(What the task requires) From the entries below, transcribe exactly the lines between the line holding "Solothurn, Schweiz, 15." and the line holding "LEGO juniors Castle", inclusive; skip all other lines.

....

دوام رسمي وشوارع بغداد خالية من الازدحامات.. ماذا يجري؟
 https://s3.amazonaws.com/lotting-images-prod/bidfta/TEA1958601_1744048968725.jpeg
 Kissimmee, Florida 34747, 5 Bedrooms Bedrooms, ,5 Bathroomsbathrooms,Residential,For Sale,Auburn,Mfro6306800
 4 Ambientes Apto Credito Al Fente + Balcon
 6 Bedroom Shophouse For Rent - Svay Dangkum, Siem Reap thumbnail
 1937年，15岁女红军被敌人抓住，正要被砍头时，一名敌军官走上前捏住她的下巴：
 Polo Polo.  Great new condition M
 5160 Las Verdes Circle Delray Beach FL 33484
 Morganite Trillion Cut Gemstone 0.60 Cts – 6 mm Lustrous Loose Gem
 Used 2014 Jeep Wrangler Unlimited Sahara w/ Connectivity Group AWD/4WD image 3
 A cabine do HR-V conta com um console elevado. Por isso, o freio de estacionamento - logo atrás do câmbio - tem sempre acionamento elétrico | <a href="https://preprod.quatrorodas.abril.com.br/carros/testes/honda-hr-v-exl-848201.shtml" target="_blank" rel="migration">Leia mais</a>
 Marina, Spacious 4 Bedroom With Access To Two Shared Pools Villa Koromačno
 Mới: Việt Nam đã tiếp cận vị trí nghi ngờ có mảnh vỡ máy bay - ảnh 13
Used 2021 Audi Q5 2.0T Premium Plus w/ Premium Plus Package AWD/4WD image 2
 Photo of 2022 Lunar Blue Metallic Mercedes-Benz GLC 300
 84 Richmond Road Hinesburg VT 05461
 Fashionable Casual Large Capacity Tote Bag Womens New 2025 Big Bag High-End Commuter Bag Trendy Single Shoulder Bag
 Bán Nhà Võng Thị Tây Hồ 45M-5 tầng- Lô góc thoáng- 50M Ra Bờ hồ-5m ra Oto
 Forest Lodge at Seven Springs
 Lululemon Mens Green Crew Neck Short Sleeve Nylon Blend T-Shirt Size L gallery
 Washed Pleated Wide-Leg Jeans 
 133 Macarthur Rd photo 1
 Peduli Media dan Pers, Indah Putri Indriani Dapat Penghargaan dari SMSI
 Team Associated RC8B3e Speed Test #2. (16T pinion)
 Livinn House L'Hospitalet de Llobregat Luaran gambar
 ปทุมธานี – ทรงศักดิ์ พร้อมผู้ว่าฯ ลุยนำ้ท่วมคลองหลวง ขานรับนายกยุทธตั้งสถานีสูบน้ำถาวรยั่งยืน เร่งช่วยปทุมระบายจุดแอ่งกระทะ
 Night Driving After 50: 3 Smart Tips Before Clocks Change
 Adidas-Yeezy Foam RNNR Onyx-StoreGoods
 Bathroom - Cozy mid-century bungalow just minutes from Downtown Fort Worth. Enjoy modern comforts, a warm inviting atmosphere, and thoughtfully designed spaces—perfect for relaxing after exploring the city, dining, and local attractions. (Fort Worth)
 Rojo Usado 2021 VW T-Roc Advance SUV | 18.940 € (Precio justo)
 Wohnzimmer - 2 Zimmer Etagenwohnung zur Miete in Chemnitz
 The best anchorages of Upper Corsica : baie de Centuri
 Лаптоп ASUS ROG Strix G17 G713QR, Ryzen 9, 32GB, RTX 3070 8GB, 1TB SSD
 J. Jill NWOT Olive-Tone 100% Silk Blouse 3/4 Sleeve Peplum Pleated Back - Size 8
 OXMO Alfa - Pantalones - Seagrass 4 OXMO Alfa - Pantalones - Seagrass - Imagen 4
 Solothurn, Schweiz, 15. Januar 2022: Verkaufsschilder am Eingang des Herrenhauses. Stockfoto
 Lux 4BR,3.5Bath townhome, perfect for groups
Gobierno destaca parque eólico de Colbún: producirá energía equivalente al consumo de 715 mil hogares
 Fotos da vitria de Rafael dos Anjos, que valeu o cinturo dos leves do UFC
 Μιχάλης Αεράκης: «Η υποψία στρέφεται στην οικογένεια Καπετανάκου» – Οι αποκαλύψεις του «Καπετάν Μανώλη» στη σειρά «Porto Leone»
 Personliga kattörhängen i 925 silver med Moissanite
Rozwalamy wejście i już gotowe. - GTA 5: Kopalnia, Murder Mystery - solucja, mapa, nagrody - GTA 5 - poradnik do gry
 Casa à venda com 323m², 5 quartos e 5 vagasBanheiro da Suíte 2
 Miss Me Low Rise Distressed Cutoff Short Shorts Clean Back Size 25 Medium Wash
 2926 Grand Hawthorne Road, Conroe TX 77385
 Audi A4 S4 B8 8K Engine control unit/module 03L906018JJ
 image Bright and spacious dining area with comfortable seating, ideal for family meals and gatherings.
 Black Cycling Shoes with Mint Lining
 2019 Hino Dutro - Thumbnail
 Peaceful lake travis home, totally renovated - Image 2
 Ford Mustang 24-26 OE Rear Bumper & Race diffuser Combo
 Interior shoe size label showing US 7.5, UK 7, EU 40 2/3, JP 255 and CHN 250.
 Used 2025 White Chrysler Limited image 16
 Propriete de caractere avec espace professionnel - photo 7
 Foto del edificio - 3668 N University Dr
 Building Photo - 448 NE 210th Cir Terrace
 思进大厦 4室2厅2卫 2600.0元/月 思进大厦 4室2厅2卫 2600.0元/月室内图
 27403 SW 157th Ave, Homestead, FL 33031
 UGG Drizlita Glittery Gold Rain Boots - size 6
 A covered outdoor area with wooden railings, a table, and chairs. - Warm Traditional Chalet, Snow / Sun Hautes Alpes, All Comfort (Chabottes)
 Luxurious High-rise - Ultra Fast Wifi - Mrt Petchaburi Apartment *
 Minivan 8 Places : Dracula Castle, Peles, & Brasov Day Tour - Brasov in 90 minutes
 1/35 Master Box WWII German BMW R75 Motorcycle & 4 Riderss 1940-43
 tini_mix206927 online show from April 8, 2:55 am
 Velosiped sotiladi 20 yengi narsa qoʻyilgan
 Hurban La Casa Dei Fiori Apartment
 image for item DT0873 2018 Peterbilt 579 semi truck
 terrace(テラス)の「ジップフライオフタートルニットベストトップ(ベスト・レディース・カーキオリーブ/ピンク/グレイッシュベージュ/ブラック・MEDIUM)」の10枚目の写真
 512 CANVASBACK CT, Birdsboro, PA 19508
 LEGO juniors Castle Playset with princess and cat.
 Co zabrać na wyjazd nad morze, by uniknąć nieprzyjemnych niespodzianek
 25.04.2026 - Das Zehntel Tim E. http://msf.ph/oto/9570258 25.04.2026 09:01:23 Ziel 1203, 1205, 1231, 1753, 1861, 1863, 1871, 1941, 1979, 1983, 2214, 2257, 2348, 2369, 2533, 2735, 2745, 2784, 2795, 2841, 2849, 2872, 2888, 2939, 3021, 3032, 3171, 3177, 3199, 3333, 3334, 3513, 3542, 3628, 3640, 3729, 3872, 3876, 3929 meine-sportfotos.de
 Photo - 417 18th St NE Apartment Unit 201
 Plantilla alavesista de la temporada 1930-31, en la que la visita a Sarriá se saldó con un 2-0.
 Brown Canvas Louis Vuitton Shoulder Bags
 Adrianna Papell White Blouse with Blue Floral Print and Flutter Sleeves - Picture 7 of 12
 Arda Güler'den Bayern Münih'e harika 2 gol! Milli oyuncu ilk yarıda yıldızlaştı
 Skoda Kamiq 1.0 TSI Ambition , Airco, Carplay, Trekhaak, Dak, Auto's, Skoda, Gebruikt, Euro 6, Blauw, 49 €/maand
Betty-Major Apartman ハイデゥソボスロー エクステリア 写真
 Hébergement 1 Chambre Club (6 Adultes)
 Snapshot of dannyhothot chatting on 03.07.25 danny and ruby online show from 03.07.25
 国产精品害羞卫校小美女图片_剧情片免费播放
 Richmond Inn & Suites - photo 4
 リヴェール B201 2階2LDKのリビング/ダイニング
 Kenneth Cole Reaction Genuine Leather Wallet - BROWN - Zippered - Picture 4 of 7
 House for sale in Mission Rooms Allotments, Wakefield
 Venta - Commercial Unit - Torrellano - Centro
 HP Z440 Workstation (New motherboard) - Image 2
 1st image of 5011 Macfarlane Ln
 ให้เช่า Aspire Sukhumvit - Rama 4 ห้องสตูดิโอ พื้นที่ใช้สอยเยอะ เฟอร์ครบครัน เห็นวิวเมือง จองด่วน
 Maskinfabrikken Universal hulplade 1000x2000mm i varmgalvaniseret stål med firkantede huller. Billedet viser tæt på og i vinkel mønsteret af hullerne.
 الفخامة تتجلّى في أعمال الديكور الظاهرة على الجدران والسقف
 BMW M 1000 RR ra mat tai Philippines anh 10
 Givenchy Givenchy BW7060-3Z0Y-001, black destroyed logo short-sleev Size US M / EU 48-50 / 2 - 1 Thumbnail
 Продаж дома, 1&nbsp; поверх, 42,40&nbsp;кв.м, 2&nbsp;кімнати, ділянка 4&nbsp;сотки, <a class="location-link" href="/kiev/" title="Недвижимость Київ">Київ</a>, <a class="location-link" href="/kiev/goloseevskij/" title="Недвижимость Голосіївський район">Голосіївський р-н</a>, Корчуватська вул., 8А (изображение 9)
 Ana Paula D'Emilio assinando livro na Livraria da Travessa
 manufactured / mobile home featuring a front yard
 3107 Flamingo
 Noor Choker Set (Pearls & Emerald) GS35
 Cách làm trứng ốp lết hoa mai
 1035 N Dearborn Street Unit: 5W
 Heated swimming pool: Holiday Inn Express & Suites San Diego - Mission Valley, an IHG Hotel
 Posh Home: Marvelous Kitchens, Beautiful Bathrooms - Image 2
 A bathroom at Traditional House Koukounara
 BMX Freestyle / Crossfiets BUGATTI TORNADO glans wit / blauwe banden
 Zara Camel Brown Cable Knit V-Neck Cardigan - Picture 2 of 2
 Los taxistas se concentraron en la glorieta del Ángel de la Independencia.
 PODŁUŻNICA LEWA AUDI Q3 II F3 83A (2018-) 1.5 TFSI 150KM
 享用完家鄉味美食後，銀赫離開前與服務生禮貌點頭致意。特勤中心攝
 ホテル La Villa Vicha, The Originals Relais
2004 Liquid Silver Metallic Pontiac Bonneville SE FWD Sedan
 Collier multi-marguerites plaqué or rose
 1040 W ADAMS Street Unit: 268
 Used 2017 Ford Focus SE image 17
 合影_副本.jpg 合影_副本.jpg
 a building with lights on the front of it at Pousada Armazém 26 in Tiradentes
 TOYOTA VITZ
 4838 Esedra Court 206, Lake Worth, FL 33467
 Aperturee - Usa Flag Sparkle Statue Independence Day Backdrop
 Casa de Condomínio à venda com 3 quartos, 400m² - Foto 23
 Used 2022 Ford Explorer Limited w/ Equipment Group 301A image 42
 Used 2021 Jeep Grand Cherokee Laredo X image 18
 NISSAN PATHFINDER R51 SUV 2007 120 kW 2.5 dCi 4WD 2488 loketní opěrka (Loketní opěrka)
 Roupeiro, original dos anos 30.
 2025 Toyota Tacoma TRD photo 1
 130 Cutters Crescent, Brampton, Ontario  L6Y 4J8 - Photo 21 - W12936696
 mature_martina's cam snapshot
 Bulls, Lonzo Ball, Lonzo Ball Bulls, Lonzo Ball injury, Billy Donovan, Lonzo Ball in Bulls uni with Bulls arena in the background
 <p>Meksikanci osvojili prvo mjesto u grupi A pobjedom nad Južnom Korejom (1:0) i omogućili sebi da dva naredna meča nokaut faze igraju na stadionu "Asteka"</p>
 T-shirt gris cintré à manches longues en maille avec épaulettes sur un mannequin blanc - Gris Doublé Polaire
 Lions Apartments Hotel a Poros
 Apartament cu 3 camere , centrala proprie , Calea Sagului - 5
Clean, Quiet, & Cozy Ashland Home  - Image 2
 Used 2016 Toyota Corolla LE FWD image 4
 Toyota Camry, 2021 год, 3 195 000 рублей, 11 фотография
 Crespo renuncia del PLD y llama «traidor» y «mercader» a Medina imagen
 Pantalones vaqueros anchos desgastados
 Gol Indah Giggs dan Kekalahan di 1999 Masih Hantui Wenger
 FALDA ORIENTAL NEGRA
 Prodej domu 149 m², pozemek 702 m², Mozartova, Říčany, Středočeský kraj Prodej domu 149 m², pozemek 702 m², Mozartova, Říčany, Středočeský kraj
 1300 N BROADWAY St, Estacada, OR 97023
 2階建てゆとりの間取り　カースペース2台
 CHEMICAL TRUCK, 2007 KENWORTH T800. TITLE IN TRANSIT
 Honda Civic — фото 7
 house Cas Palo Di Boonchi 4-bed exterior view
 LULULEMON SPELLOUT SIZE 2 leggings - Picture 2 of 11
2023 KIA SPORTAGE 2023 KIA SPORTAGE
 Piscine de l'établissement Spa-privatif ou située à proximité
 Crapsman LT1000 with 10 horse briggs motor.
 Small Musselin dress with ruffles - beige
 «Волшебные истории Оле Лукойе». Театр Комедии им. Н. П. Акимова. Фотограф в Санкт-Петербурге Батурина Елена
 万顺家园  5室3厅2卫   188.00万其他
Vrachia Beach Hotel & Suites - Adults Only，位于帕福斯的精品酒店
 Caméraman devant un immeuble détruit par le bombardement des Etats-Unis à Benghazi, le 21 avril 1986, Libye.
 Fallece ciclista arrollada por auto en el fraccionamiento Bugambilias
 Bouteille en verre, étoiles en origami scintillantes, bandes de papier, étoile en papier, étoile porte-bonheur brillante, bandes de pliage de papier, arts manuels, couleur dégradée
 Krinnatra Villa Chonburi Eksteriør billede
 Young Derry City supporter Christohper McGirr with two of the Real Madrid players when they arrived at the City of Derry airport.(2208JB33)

....

(Task result)
 Solothurn, Schweiz, 15. Januar 2022: Verkaufsschilder am Eingang des Herrenhauses. Stockfoto
 Lux 4BR,3.5Bath townhome, perfect for groups
Gobierno destaca parque eólico de Colbún: producirá energía equivalente al consumo de 715 mil hogares
 Fotos da vitria de Rafael dos Anjos, que valeu o cinturo dos leves do UFC
 Μιχάλης Αεράκης: «Η υποψία στρέφεται στην οικογένεια Καπετανάκου» – Οι αποκαλύψεις του «Καπετάν Μανώλη» στη σειρά «Porto Leone»
 Personliga kattörhängen i 925 silver med Moissanite
Rozwalamy wejście i już gotowe. - GTA 5: Kopalnia, Murder Mystery - solucja, mapa, nagrody - GTA 5 - poradnik do gry
 Casa à venda com 323m², 5 quartos e 5 vagasBanheiro da Suíte 2
 Miss Me Low Rise Distressed Cutoff Short Shorts Clean Back Size 25 Medium Wash
 2926 Grand Hawthorne Road, Conroe TX 77385
 Audi A4 S4 B8 8K Engine control unit/module 03L906018JJ
 image Bright and spacious dining area with comfortable seating, ideal for family meals and gatherings.
 Black Cycling Shoes with Mint Lining
 2019 Hino Dutro - Thumbnail
 Peaceful lake travis home, totally renovated - Image 2
 Ford Mustang 24-26 OE Rear Bumper & Race diffuser Combo
 Interior shoe size label showing US 7.5, UK 7, EU 40 2/3, JP 255 and CHN 250.
 Used 2025 White Chrysler Limited image 16
 Propriete de caractere avec espace professionnel - photo 7
 Foto del edificio - 3668 N University Dr
 Building Photo - 448 NE 210th Cir Terrace
 思进大厦 4室2厅2卫 2600.0元/月 思进大厦 4室2厅2卫 2600.0元/月室内图
 27403 SW 157th Ave, Homestead, FL 33031
 UGG Drizlita Glittery Gold Rain Boots - size 6
 A covered outdoor area with wooden railings, a table, and chairs. - Warm Traditional Chalet, Snow / Sun Hautes Alpes, All Comfort (Chabottes)
 Luxurious High-rise - Ultra Fast Wifi - Mrt Petchaburi Apartment *
 Minivan 8 Places : Dracula Castle, Peles, & Brasov Day Tour - Brasov in 90 minutes
 1/35 Master Box WWII German BMW R75 Motorcycle & 4 Riderss 1940-43
 tini_mix206927 online show from April 8, 2:55 am
 Velosiped sotiladi 20 yengi narsa qoʻyilgan
 Hurban La Casa Dei Fiori Apartment
 image for item DT0873 2018 Peterbilt 579 semi truck
 terrace(テラス)の「ジップフライオフタートルニットベストトップ(ベスト・レディース・カーキオリーブ/ピンク/グレイッシュベージュ/ブラック・MEDIUM)」の10枚目の写真
 512 CANVASBACK CT, Birdsboro, PA 19508
 LEGO juniors Castle Playset with princess and cat.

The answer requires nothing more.